Wuthering Heights: Chapter 6 - Summary & Analysis

Also Read

Summary

      Hindley returns home for the funeral and brings with him a young delicate and excitable wife. He had married Frances secretly. Hindley takes over the household and first banishes Joseph and Nelly to the servant's quarters in the back-kitchen. Frances too takes a dislike to Heathcliff and Heathcliff is also banished to the servant's quarters. Heathcliff is no longer allowed to take lessons from the curate and he is reduced to the level of a servant and forced to work as a farm-hand.

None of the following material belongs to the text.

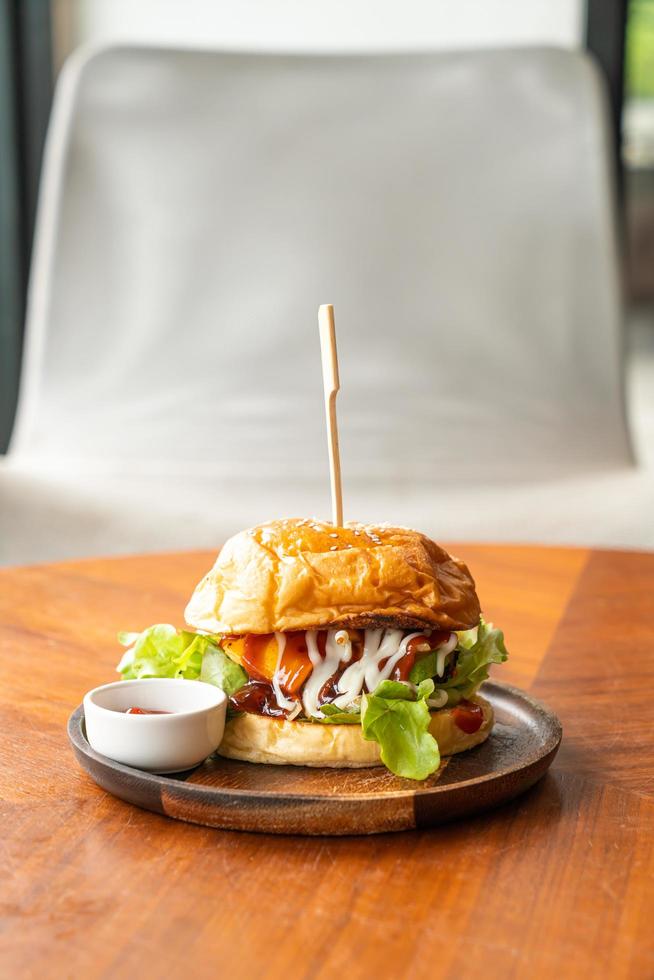 Hamburguesa de ternera con queso y salsa sobre placa de madera foto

      As Hindley and Frances care little how the young people behave, Cathy and Heathcliff appear to be growing up as uncouth savages. Careless of punishment, they often remain on the moors all day.

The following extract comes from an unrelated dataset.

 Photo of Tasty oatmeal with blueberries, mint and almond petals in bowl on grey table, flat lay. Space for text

      One Sunday evening when Catherine and Heathcliff have been sent from the sitting room, they disappear from the house. Late in the night. Heathcliff returns alone to tell the worried Nelly what has happened. The two had escaped and gone to Thrushcross Grange where the Lintons lived. Peeping through the window into a beautifully furnished room, they find Edgar and Isabella quarreling over a little dog. Heathcliff and Cathy laugh scornfully at this silliness and are thus discovered. The Linton's bulldog is set on them. Catherine is seized by the ankle and after this both she and Heathcliff are taken into the house, the latter swearing loudly. When Catherine is recognized, the Lintons are horrified and try put matters right by bathing her ankle and making a fuss of her. Heathcliff however, is ordered out of the house because of his foul language. Peeping through the window again, Heathcliff sees that Cathy is happy and comfortable and so comes back to Wuthering Heights and explains all this to Nelly.

      The next day Mr. Linton calls on Hindley and tells him to be more responsible towards Cathy.

Critical Analysis

      We are introduced to the Linton family for the first time and it is not a very happy introduction. For all the beauty of the room, its inmates Isabella and Edgar are quarreling.

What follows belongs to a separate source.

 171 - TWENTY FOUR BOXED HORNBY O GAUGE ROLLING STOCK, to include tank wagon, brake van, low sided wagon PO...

      A window again assumes importance — this time the window of Thrushcross Grange. Throughout the novel windows are separators; here the window initially separates Catherine and Heathcliff from the Lintons but by the end of the chapter it separates Catherine and Heathcliff from each other; they are never to be truly happy together again.

      The narrative perspective changes. Once again Heathcliff briefly takes over the story and we see the incident at Thrushcross Grange through his eyes whilst Nelly listens and interpolates the occasional comment.

      The reader, has had a preview of some of the events in this chapter through Catherine s diary in Chapter 3; there she had described both the misery of Sunday evenings and also the harsh treatment meted out to Heathcliff by Hindley.